— How to complete this task —
Show every line of the records below that contains the word "Plastic".

— Data —
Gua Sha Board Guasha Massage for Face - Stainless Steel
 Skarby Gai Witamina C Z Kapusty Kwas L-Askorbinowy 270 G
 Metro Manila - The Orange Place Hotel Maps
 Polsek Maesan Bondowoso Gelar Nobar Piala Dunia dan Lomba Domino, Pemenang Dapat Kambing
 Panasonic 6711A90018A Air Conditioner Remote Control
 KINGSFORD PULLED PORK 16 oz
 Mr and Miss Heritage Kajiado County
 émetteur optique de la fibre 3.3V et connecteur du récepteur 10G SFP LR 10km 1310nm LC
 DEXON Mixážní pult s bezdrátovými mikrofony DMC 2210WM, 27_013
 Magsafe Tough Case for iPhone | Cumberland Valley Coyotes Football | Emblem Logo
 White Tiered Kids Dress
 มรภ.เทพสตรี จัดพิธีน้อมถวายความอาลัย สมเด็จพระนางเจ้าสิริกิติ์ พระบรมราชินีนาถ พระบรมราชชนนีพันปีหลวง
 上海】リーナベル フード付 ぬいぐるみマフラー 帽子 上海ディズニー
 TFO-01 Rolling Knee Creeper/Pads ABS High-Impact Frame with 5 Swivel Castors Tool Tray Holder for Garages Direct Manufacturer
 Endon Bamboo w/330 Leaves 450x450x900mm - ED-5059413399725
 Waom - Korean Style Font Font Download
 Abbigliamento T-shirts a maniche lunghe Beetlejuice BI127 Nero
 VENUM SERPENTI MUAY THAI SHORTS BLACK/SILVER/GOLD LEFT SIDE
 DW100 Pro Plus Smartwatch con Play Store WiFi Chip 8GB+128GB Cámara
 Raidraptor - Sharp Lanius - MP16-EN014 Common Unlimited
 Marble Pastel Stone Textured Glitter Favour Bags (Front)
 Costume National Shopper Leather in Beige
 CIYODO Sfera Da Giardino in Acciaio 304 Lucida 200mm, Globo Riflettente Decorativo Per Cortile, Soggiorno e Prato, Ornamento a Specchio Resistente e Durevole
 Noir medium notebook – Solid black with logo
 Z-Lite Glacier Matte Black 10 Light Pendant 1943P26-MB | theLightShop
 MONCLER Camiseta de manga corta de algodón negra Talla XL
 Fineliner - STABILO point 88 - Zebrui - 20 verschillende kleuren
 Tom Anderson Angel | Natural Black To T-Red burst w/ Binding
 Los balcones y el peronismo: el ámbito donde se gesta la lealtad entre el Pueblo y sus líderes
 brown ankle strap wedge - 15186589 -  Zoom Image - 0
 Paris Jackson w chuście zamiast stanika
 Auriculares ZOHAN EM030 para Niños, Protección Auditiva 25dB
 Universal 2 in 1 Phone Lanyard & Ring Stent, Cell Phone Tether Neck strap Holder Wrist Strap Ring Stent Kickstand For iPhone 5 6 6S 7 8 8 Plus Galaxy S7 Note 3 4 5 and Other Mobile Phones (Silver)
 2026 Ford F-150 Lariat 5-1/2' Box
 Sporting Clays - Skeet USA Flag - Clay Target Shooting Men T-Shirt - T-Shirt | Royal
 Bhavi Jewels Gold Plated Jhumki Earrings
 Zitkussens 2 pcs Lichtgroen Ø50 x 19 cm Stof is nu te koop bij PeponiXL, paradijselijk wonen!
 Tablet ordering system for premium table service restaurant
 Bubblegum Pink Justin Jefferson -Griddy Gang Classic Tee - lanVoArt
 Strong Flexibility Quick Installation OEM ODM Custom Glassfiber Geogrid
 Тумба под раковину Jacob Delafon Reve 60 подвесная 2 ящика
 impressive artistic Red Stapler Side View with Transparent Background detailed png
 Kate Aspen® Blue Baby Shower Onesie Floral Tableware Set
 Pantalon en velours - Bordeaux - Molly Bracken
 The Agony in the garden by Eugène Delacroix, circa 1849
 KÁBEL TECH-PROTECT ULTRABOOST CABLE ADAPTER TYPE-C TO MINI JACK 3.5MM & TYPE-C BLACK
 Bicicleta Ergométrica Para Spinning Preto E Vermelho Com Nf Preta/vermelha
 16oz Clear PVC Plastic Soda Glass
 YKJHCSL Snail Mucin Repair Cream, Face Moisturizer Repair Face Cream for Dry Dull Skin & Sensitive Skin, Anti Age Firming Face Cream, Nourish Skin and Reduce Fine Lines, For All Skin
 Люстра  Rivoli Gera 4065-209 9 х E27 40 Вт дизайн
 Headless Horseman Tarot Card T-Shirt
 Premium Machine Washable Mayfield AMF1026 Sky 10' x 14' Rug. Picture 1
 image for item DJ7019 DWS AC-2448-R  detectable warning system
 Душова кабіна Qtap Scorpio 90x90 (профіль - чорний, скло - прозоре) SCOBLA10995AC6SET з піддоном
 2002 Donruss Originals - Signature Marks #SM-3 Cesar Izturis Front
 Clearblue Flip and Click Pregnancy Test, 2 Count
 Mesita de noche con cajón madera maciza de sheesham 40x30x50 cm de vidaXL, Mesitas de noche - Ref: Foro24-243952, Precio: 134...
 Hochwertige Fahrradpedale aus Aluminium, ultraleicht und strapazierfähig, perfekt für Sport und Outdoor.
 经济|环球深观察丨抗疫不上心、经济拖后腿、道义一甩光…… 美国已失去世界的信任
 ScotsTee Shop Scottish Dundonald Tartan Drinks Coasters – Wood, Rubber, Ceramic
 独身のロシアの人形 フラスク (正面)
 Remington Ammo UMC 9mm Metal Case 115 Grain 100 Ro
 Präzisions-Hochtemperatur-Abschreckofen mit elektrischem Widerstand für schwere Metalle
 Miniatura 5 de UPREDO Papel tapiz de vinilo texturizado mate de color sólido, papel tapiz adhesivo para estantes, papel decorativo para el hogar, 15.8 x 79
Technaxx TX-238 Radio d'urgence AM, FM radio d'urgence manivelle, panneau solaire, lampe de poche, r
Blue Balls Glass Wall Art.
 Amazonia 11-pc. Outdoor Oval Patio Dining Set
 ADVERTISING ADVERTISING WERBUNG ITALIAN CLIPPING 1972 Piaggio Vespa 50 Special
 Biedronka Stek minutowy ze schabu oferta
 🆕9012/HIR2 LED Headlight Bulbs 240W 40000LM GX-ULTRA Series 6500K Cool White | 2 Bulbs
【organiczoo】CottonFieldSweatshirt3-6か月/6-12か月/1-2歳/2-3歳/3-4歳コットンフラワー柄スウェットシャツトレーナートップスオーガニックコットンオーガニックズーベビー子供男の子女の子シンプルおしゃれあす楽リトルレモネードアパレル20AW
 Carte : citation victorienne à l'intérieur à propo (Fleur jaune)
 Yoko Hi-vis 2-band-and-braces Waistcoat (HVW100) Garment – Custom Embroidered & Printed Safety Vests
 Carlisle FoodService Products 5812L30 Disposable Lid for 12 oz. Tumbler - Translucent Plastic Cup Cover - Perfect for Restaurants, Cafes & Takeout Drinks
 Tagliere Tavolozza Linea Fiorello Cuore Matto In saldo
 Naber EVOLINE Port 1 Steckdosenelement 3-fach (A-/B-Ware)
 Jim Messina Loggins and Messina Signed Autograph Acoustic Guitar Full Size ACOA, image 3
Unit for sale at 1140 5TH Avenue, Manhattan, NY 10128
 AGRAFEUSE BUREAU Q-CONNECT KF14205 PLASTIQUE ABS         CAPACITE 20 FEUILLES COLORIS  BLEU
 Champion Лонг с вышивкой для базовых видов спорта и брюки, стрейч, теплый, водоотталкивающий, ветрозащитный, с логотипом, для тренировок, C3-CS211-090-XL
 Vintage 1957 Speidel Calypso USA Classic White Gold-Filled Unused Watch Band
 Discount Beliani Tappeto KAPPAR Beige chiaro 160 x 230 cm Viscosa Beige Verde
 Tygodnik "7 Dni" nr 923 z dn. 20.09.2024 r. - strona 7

— Exercise result —
 16oz Clear PVC Plastic Soda Glass
 Carlisle FoodService Products 5812L30 Disposable Lid for 12 oz. Tumbler - Translucent Plastic Cup Cover - Perfect for Restaurants, Cafes & Takeout Drinks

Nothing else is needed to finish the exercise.